Monday, June 28

The best part of being back

I was planning once a blog post to practice answers to questions I could expect about this past year upon my return.  How was your year?  What was your favorite part?  Your least favorite part?  Would you do it again?  In the two weeks I've been back now, those questions have not yet been posed to me.  Okay, maybe by a few close relatives, but that's it. 

Conversations about the past year have proceeded along two paths.  If fellow conversant was aware of my most recent whereabouts, their first question was "Are you glad to be back?" or something on similar lines.  If fellow conversant was not aware of my activities, they would ask about how I've been since we last saw one another.  Once Kenya and Indonesia came up in my response, they would ask "Are you glad to be back?" or something on similar lines.

In both situations, my reply was the same: "Yeah, life is easy again."  It still surprises me to hear this.  It was not some specific American pleasure.  My daydreams weren't of hopping shows all afternoon at a multiplex or a two-egg omelette filled with sautéed, fine diced celery and onions.  When we bought the tickets and the flight out was temporally nearer than the flight in, when the Children's Office demanded another bribe, when KPLC cut the power, when I was exhausted beyond measure, my only wish was for the easy life in American again.

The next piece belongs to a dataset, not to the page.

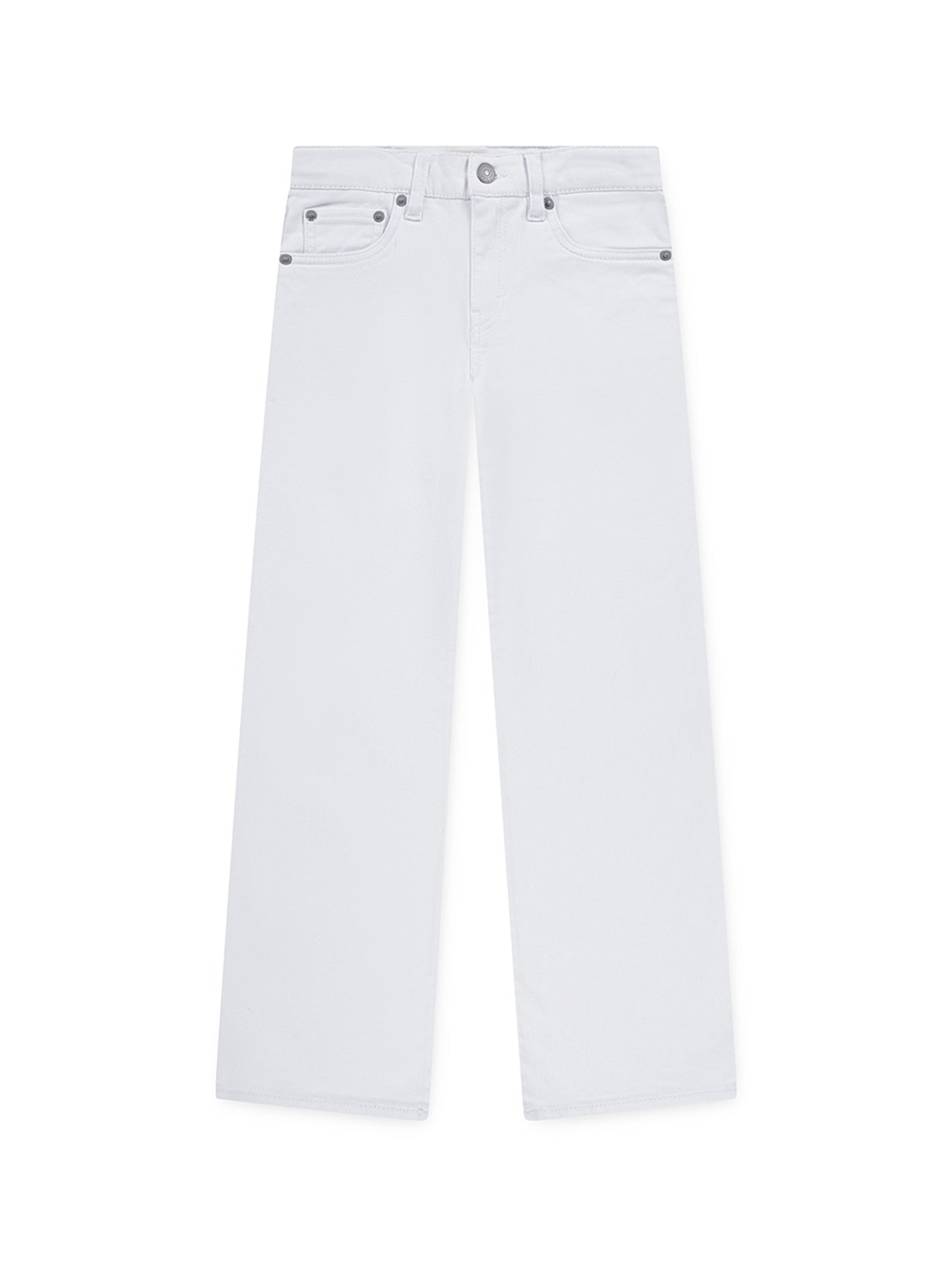 Kids' Wide Leg Jeans White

I guess the answer has surprised people.  More than a few have paused before pushing on, and I've had once to fill in the following explanation to bring the talk back to pace.  I worked hard this past year.  My days in Nakuru started at 5:30 in the morning when I would wake up the boys and prepare them for school.  Assuming there was no trouble in giving out pens and exercise books and no one was sick, the last of them would leave a little after 7.  I would start my computer and the Internet at this time to check for priority email before a director's meeting to discuss the day ahead.  Most days I would have to leave the center for a few hours to meet with school teachers or withdraw money from the bank or visit our lawyer.  When I got back, normally around lunchtime, I would still have to complete a minimum of four hours of online work, stuff like volunteer recruitment, newsletter and media, all the behind-the-scenes work necessary to keep the Foundation a viable international organization.  By the time those hours were done, the rest of the children had come back, and there was no rest in tutoring, disciplining, monitoring, playing with them until 8 when we locked them in their dorms.  I would have an hour break before walking by the dorms once more to make sure lights out was observed.  I was well exhausted by then.  No problem I was working over seventy hours every week.

With no children living at the Bali center and only a computer class or two to teach in the afternoons, life in Indonesia was easier.  I devoted most of my hours then to online work and could actually keep to the required eight a day.  Not that the stress was much better.  Something was always going wrong somewhere.  A center hadn't budgeted appropriately and needed more money for some emergency.  Not enough new director applications were coming in.  Someone didn't follow protocol in contacting sponsors.  Always something.  If there was not some fire that needed extinction, there was another fire that needed ignition.  By that time I was one of the senior volunteers with the Foundation and carried a lot of responsibility to deal with these.  Feeling as though the whole thing is going to come down around your ears without immediate action on your part is not the greatest thing for your emotional health.

Maybe those I speak with imagine life in the developing world as something more relaxed and outside the frenzy that so many Americans exist in.  Perhaps they imagine Kenyan days spent on the savanna from sunrise to sunset and Indonesian weeks with spare hours not spent on the beach or in the ocean.  Within such a dream, the only joy they can imagine in coming back is a return to modern conveniences: high-pressure shower heads with reliable hot water, flush toilets, air conditioning and all the rest.  Yeah, those things are nice, and I certainly did miss them when the water in Kenya only ran three out of four days or when I was grasping with my fingertips at the cross bar on the door to keep my balance over the pit toilet, but I got used to them.  They weren't that big of a deal after a month or two.

Frankl wrote in Man's Search for Meaning that concentration camp prisoners who once slept in fine beds with only their wives soon adapted to sharing slats with as many as seven others, many of them snoring, under a single thin blanket.  The centers were no death camps, and I adapted as well.  Spend too much time in a nation where people can convince themselves that a decision with regard to the design and material of their flatware is of importance and you can forget what you really need.  But I will always take the country where more people have to make that choice than whether to pay the rent or for groceries that week.